*WHAT IS EXPECTED:* Output all of the data below without changing a word, and exclude the pictures.

PROVIDED DATA Block Start

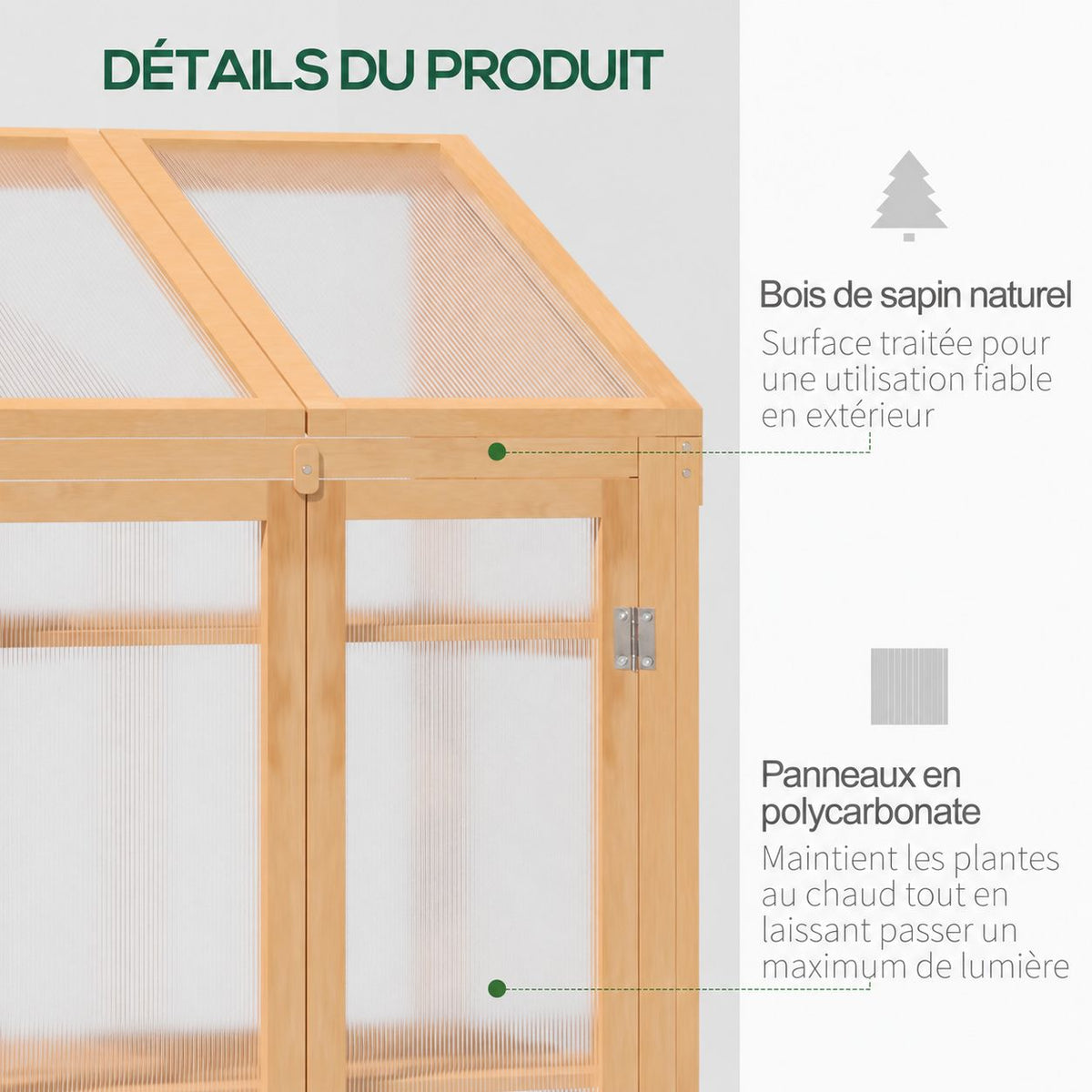 Détail du cadre en bois naturel et des panneaux translucides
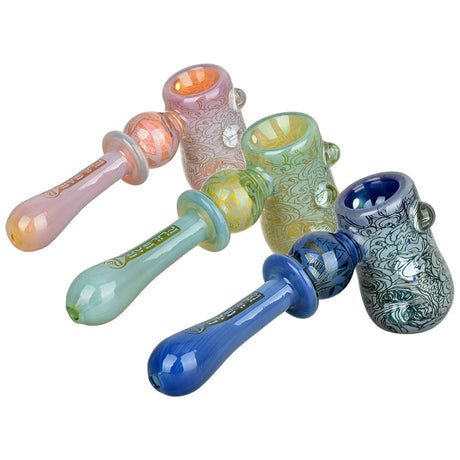 Pulsar Glass Hammer Bubblers with Melting Shrooms design in various colors, angled view
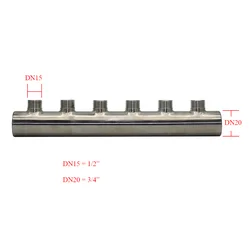 3/4*1/2 Stainless steel Water Distribution Manifold for Underfloor Heating System(2-12 port) One end open one end closed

PROVIDED DATA Block End

*ANSWER TO THIS EXERCISE:*
 Détail du cadre en bois naturel et des panneaux translucides
 Pulsar Glass Hammer Bubblers with Melting Shrooms design in various colors, angled view
 3/4*1/2 Stainless steel Water Distribution Manifold for Underfloor Heating System(2-12 port) One end open one end closed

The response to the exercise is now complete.